With so many gender terms that exists, it’s easy for some people to get confused which one to use. It’s nice that more people are open and accommodating of people with different genders, but as much as possible, you shouldn’t confuse certain terms for similar-sounding terms or terms with overlapping meaning as some terms may not completely apply to a person.
Which is why I’ve decided to start writing articles explaining the differences between terms that sound similar or terms that have similar meanings. In this article, I’m going to explain what “bigender” means and how it’s different from “genderfluid” (a term with an overlapping meaning), and similarly-sounding words like binary and bisexual. Hopefully, if you fall under the bigender definition, this article can help you explain to your friends and family the difference between your gender and other similar terms.
What Is Bigender?
A person who is bigender or bi-gender identifies with two genders. To further explain this better, let’s take a look at the gender spectrum. On one end, you have the cisgender males (which are biological males who identify as males), and on the other end, you have the cisgender females. In the middle of the spectrum, you have a wide variety of male and females who identify in a certain gender in between.

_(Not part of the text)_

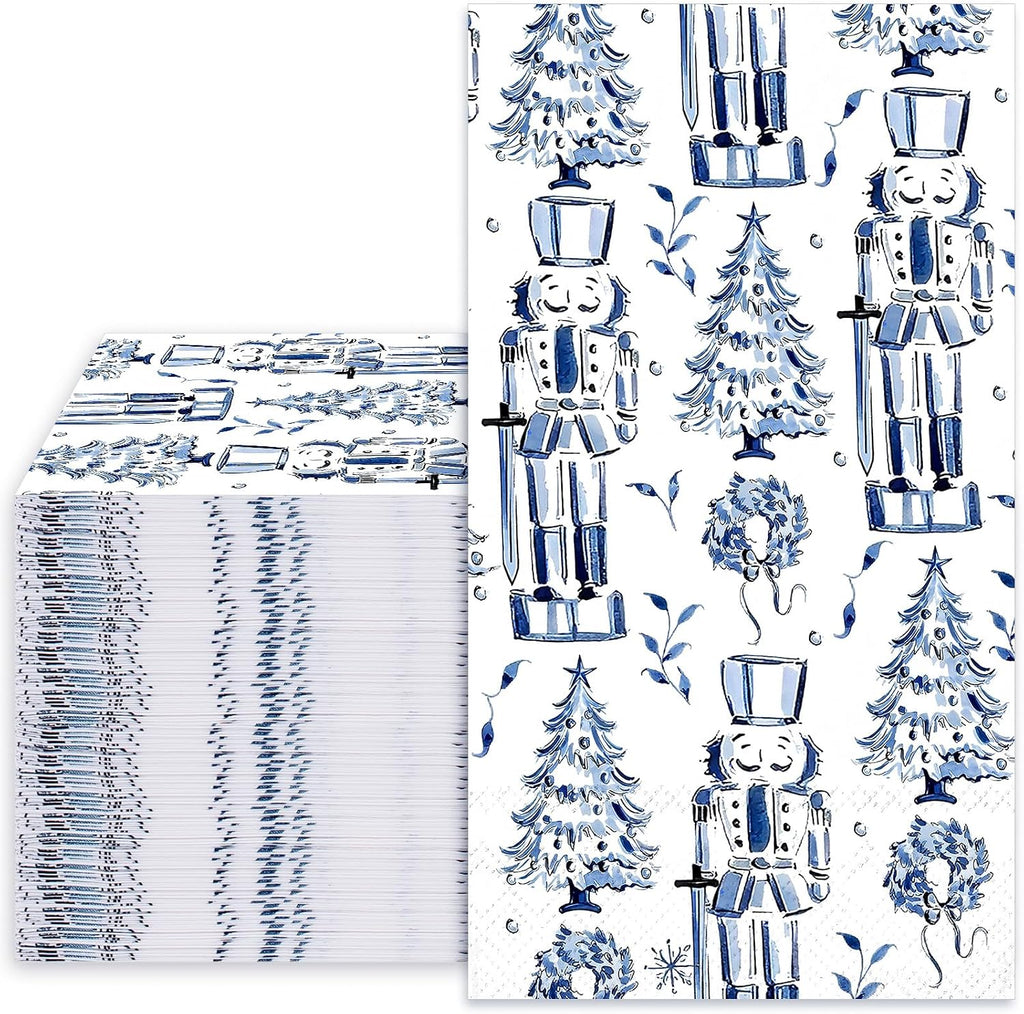Whaline 40 Pcs Christmas Guest Napkins Disposable Paper Napkin Chinoiserie Nutcracker Dinner Hand Napkins for Xmas Kitchen Home Bathroom Party Supplies Table Decor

However, there are some genders that do not fall into that spectrum, and these are called non-binary genders. Non-binary is an umbrella term for genders for people who do not exclusively identify as male, female, or any gender under the spectrum. A person who does not identify with any gender under the spectrum can be called agender, genderless, or neutrosis – these three fall under the non-binary umbrella.
A person who is bigender also falls under the non-binary umbrella. They experience exactly two genders, but this doesn’t have to be limited to male and female and can be a combination of any two genders inside and outside the spectrum. It’s also possible to experience more than two genders, but this would make a person trigender.

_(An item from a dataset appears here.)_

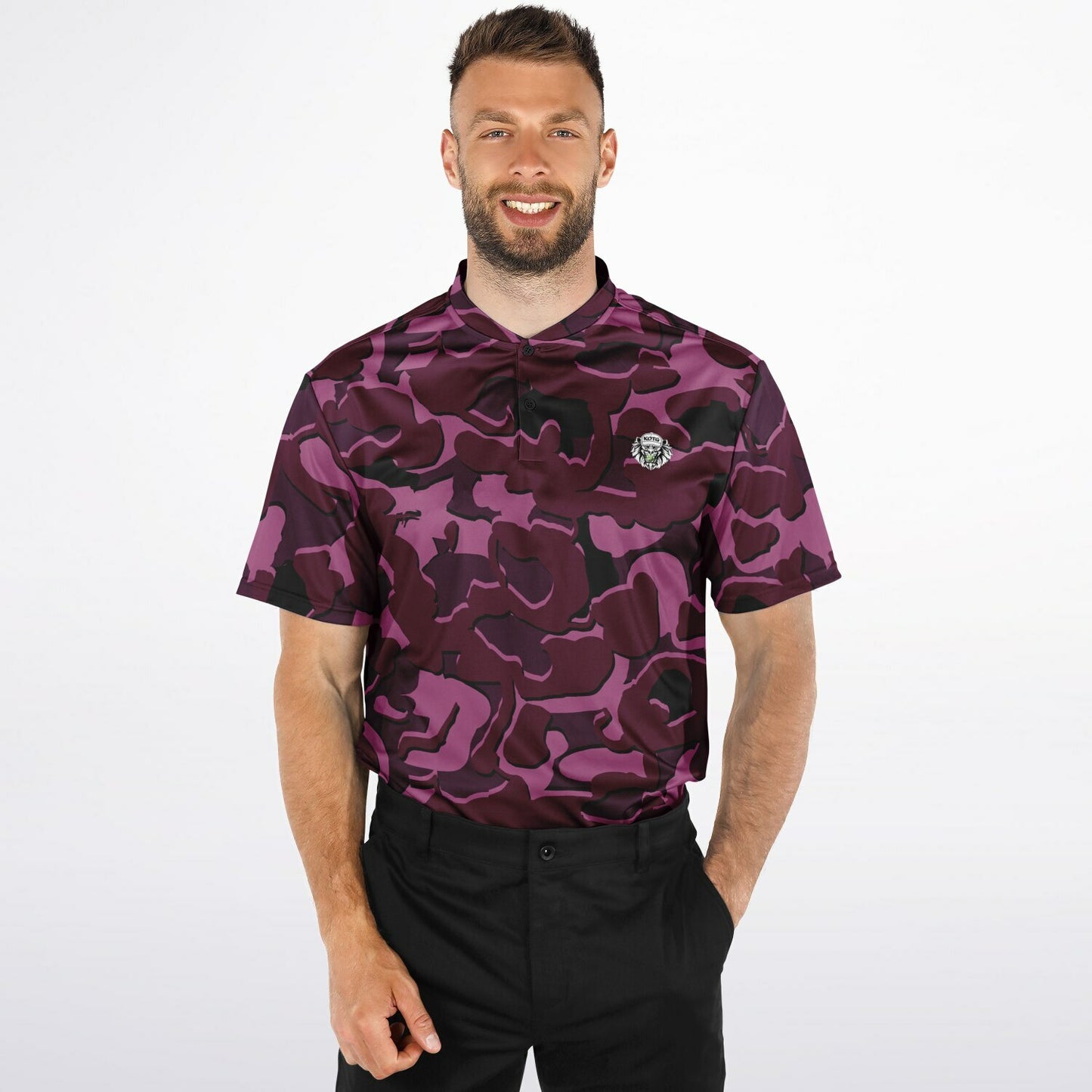 Camo - Blade Collar Polo Shirt (Burgandy)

Bigenders can choose to express either gender whenever they want. Some bi-genders partake as drag queens or drag kings because this allows them to express both their genders. However, not all those who cross-dress identify as bigender, since it’s possible for cisgender people to also cross-dress as an interest or hobby.

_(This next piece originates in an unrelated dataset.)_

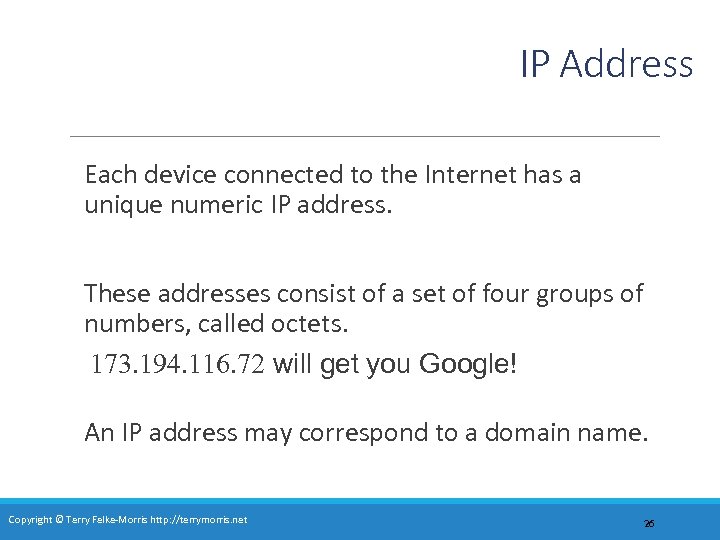 IP Address Each device connected to the Internet has a unique numeric IP address.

A bigender person will use whatever pronoun is fitting at the moment. If a bigendered person is dressed in female clothing, they will prefer to use “she/her” and “he/him” in male clothing. It’s also possible that their second gender is non-binary, so they might prefer “they/them/their” in such cases. However, given their dual gender, it’s possible that some bigenders will prefer any of the gender pronouns. For example, the popular gay drag queen RuPaul is seen in both male and female clothing. However, while we can’t say for sure if RuPaul identifies as bigender, he doesn’t mind the pronouns used to refer to him and uses he and she interchangeably.
A good example of this a bigendered person in pop culture is the character Whiterose from the TV series Mr. Robot. Whiterose is born a man and has two personas: the transgender woman who serves as the leader of the Dark Army and uses she pronouns; and the man Minister Zhi Zhang who is the male Minister of State Security for China who uses he pronouns. One could read this as Whiterose identifying as a transgender woman but disguising herself as a man to blend in, but if she sees both personas as herself, it’s possible that she identifies as bi-gender.
What Is Genderfluid?
The term genderfluid is used to describe bigender, trigender, and multi-gendered people who don’t conform to exclusively one gender and can switch to multiple genders depending on what they want to express themselves. The term doesn’t necessarily fall under either binary or non-binary genders because it may be possible for a person to switch between binary and non-binary genders.
What Is Bisexual?
The term “bisexual” does not refer to gender, but rather sexual orientation. Sex, gender, and sexuality all have different meanings, so it’s possible to be both bigender and also bisexual, but these do not have the same meaning.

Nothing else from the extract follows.